• WHAT TO DO
What is needed is a word-for-word copy of the listing below, without pictures.

• SUPPLIED INFORMATION
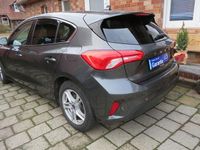 Gebraucht Ford Focus Cool & Connect 125 PS (91 kW) 2018 Limousine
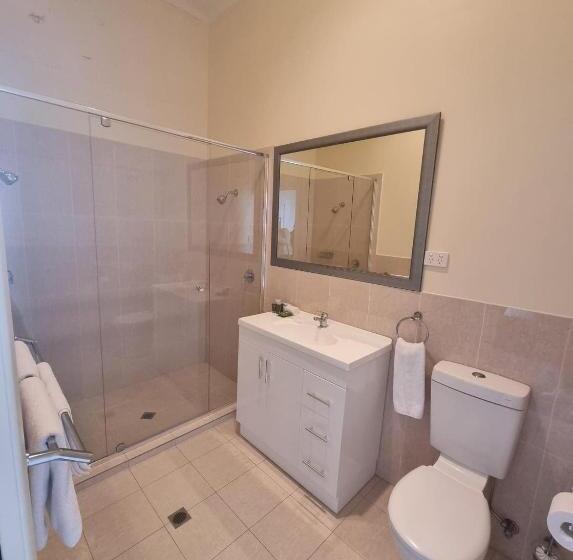 סוויטת סופריור, Balcony On Sixth Lodge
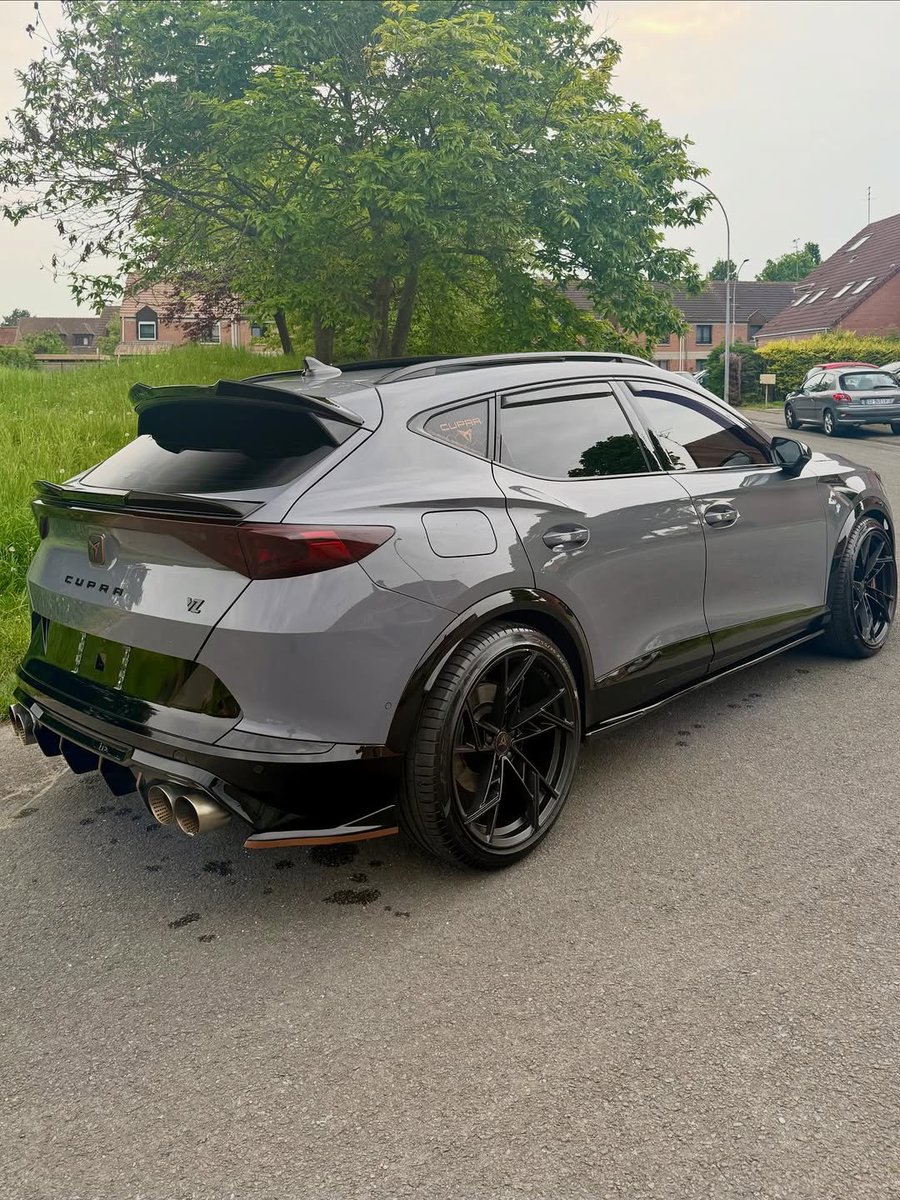 ZyroCar tweet media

• ANSWER TO THIS EXERCISE
 Gebraucht Ford Focus Cool & Connect 125 PS (91 kW) 2018 Limousine
 סוויטת סופריור, Balcony On Sixth Lodge
 ZyroCar tweet media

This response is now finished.